266 会話、行動、怖いか?
校門の前で一度立ち止まり、校舎正面にお辞儀を、次いで守衛にお辞儀をして、校内へと淑やかに歩いていく女学生たち。
背筋は必ずピンと伸ばし、目線は決して落とさない。走ることなど許されず、大声で喋ることなどもってのほか。世間一般ではしたないとされていることは一切できない。ここは、所謂「お嬢様」の集う女学校であった。
「――ご機嫌よう」
「ごっ、ご機嫌よう!」
そんなお嬢様たちの中でも一際周囲の目を引いている学生がいた。
「きゃあっ! アルマ様とご挨拶しちゃったっ!」
「本当に素敵よね、アルマ様って!」
廊下ですれ違い、挨拶を交わしただけだというのに、一年生だと思われる女子たちはきゃあきゃあと小声で盛り上がる。

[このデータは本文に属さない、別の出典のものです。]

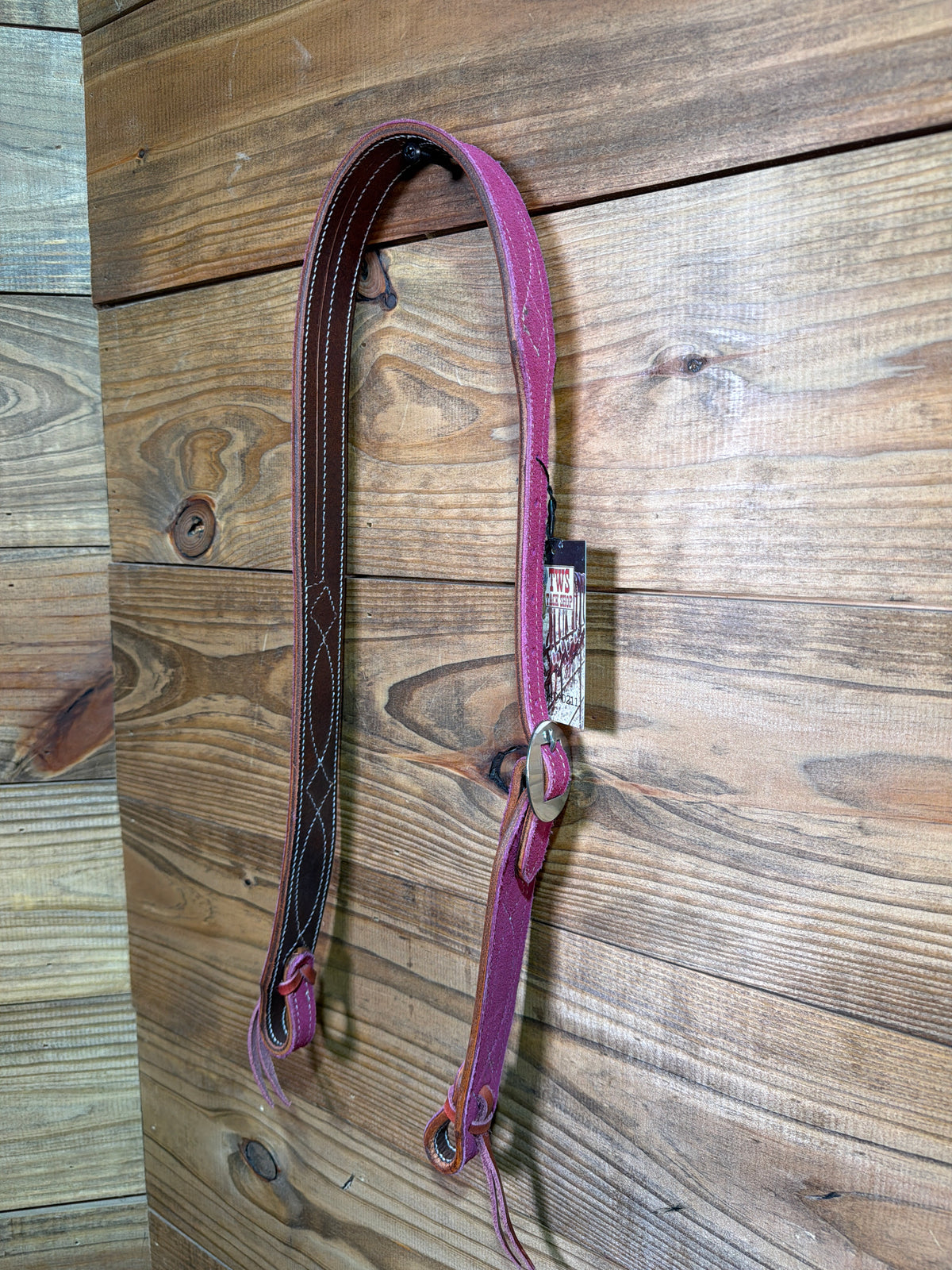 Hot Pink Split Ear w/ Pink Buckstitch Headstall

アルマと呼ばれた彼女は、そんな後輩たちの様子を「やれやれ」と呆れ顔で見送った。
彼女は三年生のアルマという学生。とびきりの美形で高身長で人当たりもよく運動神経も抜群、ゆえに学校内でのアルマの人気は非常に高く、同性であっても彼女との逢瀬を妄想する学生たちは少なくない。
「ふぅ……」
一見して、クールでミステリアス。物憂げな表情の似合う、スラリとした中性的な美人だ。
こうして窓の外を眺めて溜め息をつくだけで、アルマのファンはもう夢中……目をハートにして崇拝してしまう。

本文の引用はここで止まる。